The manager of a new building store that held grand opening events in Saanich last week says his company will play an active part in the community.
“So when Lowe’s opens a store…we just don’t open the store to the public. We also invest ourselves in the community,” said Tony Cooper. He made those comments last week as Lowe’s Canada marked the opening of its new Tillicum Mall location, the company’ first store in the Greater Victoria area, one of the four new stores that the chain has opened in British Columbia in recent months.
According to company statistics, the store represents an approximate local investment of more than $25 million and employs 137 people, most of them locals.
Thursday’s grand opening attracted more than 50 people including company officials and several local dignitaries such as Saanich Mayor Richard Atwell, who opened the store by sawing through a wooden board.
As part of this ‘board cutting,’ Lowe’s Canada donated $10,000 to Tillicum elementary school to help support landscape improvements to the school’s grounds.
“We’re proud to be here and appreciate the opportunity to do work with local organizations, to get to know each other and support the needs of the community,” said Jim Caldwell, executive vice-president of Lowe’s Canada, Big Box Retail. Fred Pagotto, Lowe’s Canada’s B.C. market director, said this donation was part of Lowe’s commitment to build deep community roots.
“If we are going to be a true community partner, then we have to invest in the community for its success,” he said. “Ultimately, we believe in having a family environment, and investing in the community is creating a foundation for them to be able to flourish.”
Sue Ottenbreit, vice-principal at nearby Tilicum elementary, said Lowe’s commitment thrilled her school.
“When we heard it was $10,000, there were staff doing little jigs in the staff room, because they were so thrilled that a business like this would recognize a small elementary school like ours,” she said.
Ottenbreit said several Lowe staff members have already reached out to the school to ask about its specific needs and offer assistance.
The money goes towards a variety of projects, said Ottenbreit. They include an unfinished nature playground with various types of elements such as logs and stepping stones.
“The children love it,” she says, adding other groups also use the school’s outdoor space.
The school also hopes to improve its two primary gardening boxes. “We have got four kindergarten classes, who all like to plant spring gardens.

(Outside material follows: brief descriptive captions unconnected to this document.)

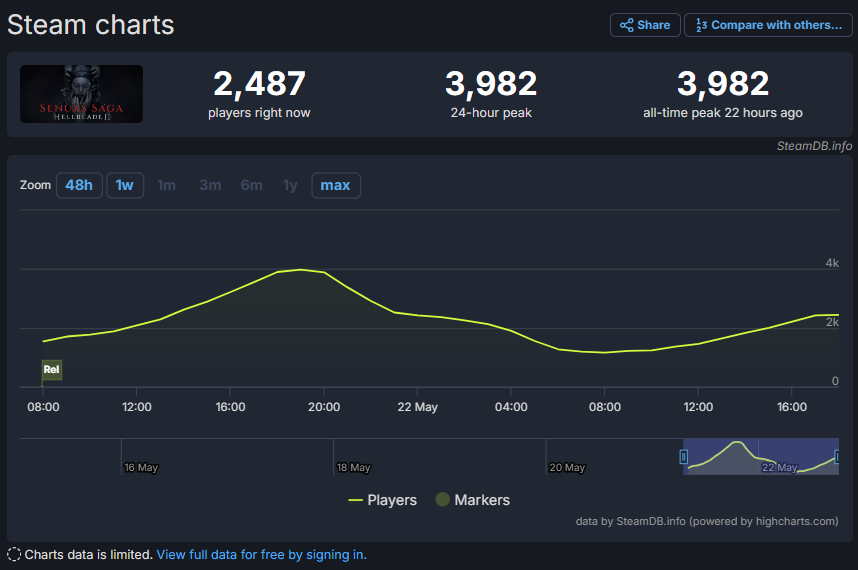 Lewis | ICO Partners tweet media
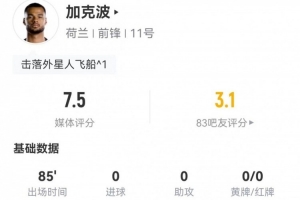 加克波本场2射1正+15丢失球权 1关键传球+10对抗7成功 获评7.5分
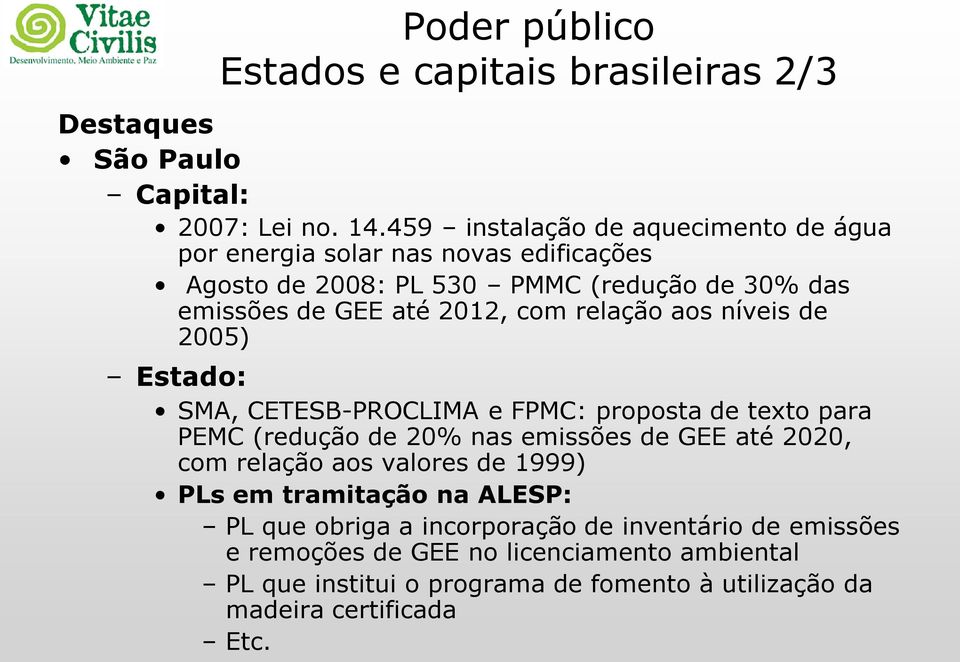 relação aos níveis de 2005) Estado: SMA, CETESB-PROCLIMA e FPMC: proposta de texto para PEMC (redução de 20% nas emissões de GEE até 2020, com relação aos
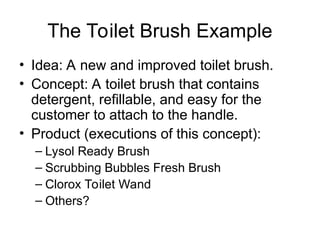 The Toilet Brush Example
• Idea: A new and improved toilet brush.
• Concept: A toilet brush that contains
detergent, refillable, and easy for the
customer to attach to the handle.
• Product (executions of this concept):
– Lysol Ready Brush
– Scrubbing Bubbles Fresh Brush
– Clorox Toilet Wand
– Others?
 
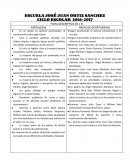 Ficha descriptiva CICLO ESCOLAR 2016-2017 FICHA DESCRIPTIVA DE 1 B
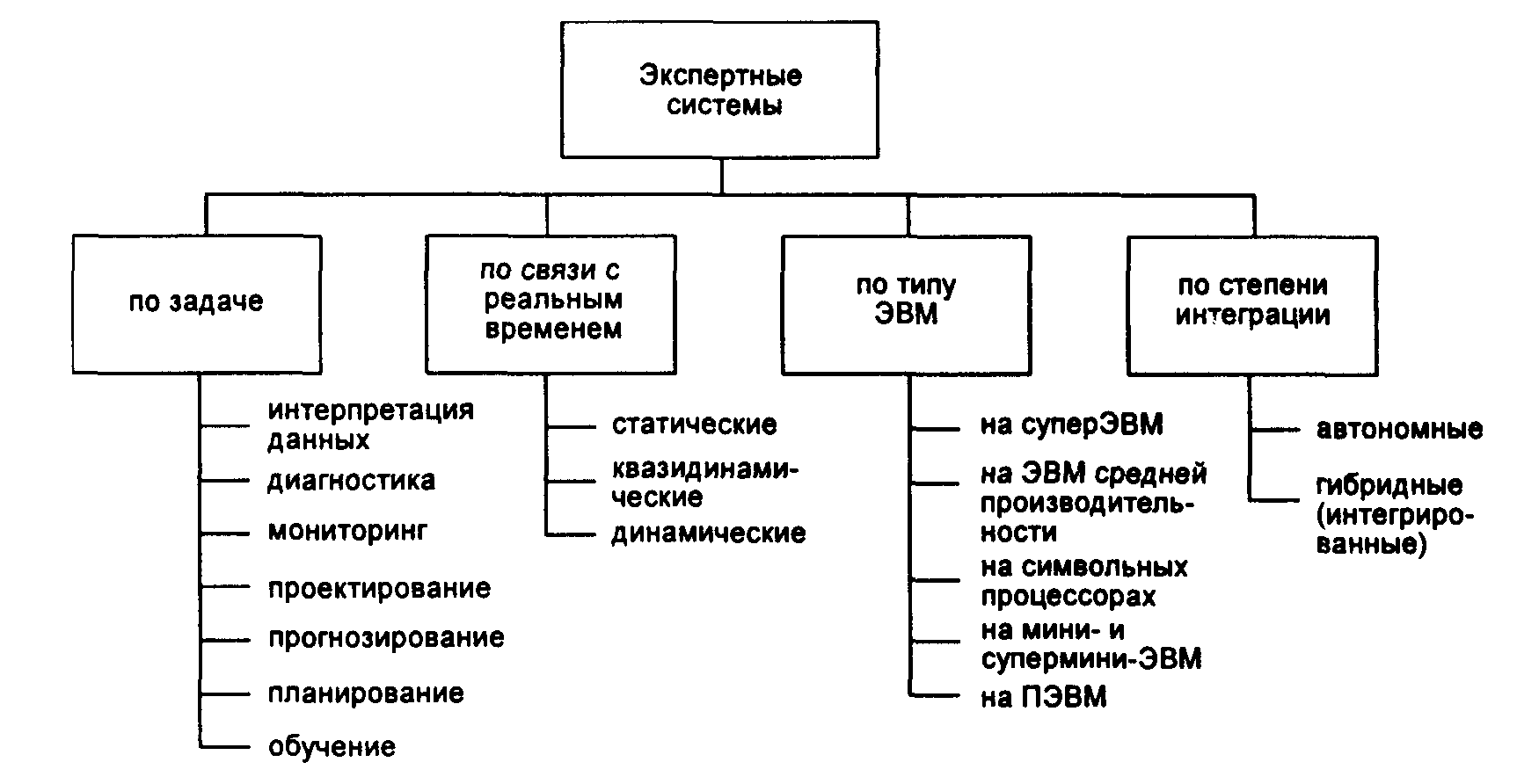 Основные понятия методическая схема и компоненты экспертно аналитической технологии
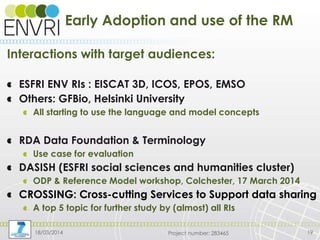 Project number: 283465
Early Adoption and use of the RM
Interactions with target audiences:
ESFRI ENV RIs : EISCAT 3D, ICOS, EPOS, EMSO
Others: GFBio, Helsinki University
All starting to use the language and model concepts
RDA Data Foundation & Terminology
Use case for evaluation
DASISH (ESFRI social sciences and humanities cluster)
ODP & Reference Model workshop, Colchester, 17 March 2014
CROSSING: Cross-cutting Services to Support data sharing
A top 5 topic for further study by (almost) all RIs
1918/03/2014
 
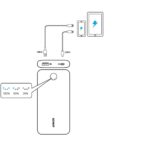 پاوربانک PD و فست شارژ Anker 20000mAh مدل PowerCore Essential A1287P11 20W - مشکی (گارانتی شش ماهه ایویز) - تصویر 3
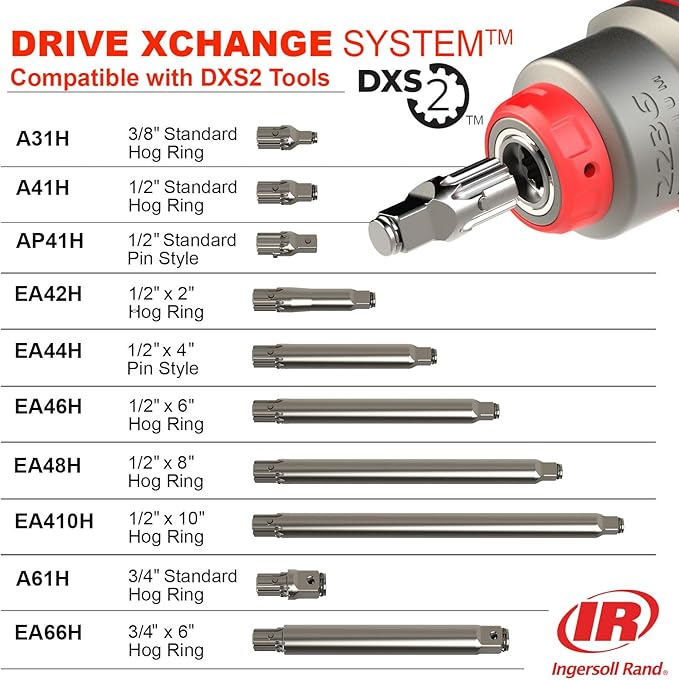 Ingersoll Rand 2236QTIMAX DXS2 1/2" Air Impact Wrench, Quiet, 1,500 ft-lb Torque, Titanium Hammer Case, Friction Ring Retainer, Pistol, Interchangeable Anvil, Multifunctional Tool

Well, two little boxes [are] not going to cut it.”
Work on these various projects will get underway as soon as possible, said Ottenbreit, who believes Lowe’s arrival will make a big difference for the community.
“This is really going to be huge for this area, for the mall, for the economics of this general Tillicum area.”
Leigh Parry, who owns the Saigon Char-Broil and Edo Japanese Restaurant food outlets in Tillicum Mall, agrees.
She expects the presence of Lowe’s to be a catalyst for increased business, because of its location and “very reasonable” price point.
“I believe they will be strong anchors for this mall and they will do well the way they are set up,” she said.
According to Parry’s estimate, traffic through the mall has already increased by some 30 per cent.
Previous corporate tenants in the space that Lowe’s now occupies included Zellers and Target.
Target replaced Zellers when it purchased the chain from Hudson’s Bay Company in January 2011 as part of an expansion into Canada.
But Target’s presence in Canada was short-lived and ceased in January 2014 when it announced that it would be closing all of its 133 Canadian locations, including its Tillicum Mall store.